La política moderna entonces no puede entenderse, tal como hoy en día se entiende, como un rejuego cupular entre las élites. Tal rejuego es una manera de simplificar la representación que la formalidad del Estado acarrea con frecuencia. Pero el uso no elimina el imperativo de exponer a dichas élites a un roce continuo e íntimo con los ciudadanos en sus diversas individualidades o grupos. El político moderno no es, como ahora y con ignorancia o mala fe se le pretende definir: un facilitador de complejas decisiones. O, más vulgarmente, como el conciliador de intereses en pugna o como aquel o aquellos duchos en evitar el conflicto, los comunes pleitos y constantes desavenencias. Esos políticos así apreciados son abridores de puertas, acomodadores de oficio, litigantes de pasillo, limadores de asperezas y no mucho más que eso. Los políticos modernos, en cambio, son aquellos capaces de hacer del trasteo directo con los ciudadanos un modus operandi continuo. Ir, buscar, exponerse y atender lo que por ahí se dice, lo que de variados modos se vive y piensa no tiene atajos o substitutos fáciles. Ese es el político moderno: el que nunca deja de exponerse ante la presencia ciudadana. El que, a la misma vez, puede usar los medios de comunicación modernos, sin canjearlos o sustituirlos por los mensajes de viva voz, de ojo a ojo, de ademán a saludo.

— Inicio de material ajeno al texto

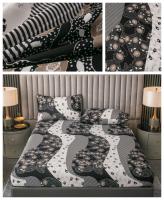 Juego de Ropa de Cama de Poliéster 100% Tamaño Rey Funda de Almohada de Ajuste 3pcs Diseño Impreso - details 14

La oposición, si quiere ser captada por los ciudadanos como tal en su acomodo dentro de un Estado, debe conservar su independencia y su manera de concebir y buscar el sentir popular. La colaboración con los poderes constituidos conduce, casi ineludiblemente, a confusiones que borran diferencias. Pero, en aras de no aislarse ni caer en posturas irreductibles, se tiene que perseverar en el trato directo con las bases ciudadanas. En México sólo hay un político con estas características (AMLO) que, sin embargo, requiere, en su continuo trajinar por la República, de una técnica adicional: disponer de tiempo para escuchar y procesar lo oído. La fase siguiente sólo consiste en darle una formulación, a la manera de conceptos integradores, que se deben actualizar de manera constante.